_Exercise directions_. Find every line in the data that contains the word "Spanish". Return each of those lines.

--- Supplied data Enclosed Below ---

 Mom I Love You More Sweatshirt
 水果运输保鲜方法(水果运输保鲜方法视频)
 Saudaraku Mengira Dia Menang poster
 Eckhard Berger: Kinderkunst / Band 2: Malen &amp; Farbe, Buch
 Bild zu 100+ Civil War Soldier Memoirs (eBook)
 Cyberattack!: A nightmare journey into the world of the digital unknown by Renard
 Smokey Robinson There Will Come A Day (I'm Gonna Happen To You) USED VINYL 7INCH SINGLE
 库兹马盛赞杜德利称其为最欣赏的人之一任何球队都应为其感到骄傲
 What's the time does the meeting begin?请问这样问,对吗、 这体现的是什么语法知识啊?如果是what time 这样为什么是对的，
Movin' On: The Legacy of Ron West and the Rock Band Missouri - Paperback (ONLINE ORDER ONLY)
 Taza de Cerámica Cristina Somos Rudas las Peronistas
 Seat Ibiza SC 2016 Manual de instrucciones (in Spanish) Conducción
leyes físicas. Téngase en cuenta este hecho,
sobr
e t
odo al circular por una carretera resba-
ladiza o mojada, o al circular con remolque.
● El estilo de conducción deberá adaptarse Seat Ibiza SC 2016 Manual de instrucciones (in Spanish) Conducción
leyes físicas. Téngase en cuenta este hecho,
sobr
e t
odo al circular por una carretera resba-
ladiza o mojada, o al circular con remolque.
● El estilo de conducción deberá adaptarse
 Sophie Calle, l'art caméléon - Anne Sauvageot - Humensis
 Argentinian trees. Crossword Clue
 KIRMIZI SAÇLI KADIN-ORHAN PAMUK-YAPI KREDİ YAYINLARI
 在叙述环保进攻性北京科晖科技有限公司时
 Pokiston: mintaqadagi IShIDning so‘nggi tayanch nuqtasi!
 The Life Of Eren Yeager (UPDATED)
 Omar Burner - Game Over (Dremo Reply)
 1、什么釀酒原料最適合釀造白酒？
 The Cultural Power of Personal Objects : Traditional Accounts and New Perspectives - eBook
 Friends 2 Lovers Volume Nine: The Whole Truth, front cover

--- End of Enclosed Supplied data ---

_Finished task_.
 Seat Ibiza SC 2016 Manual de instrucciones (in Spanish) Conducción
● El estilo de conducción deberá adaptarse Seat Ibiza SC 2016 Manual de instrucciones (in Spanish) Conducción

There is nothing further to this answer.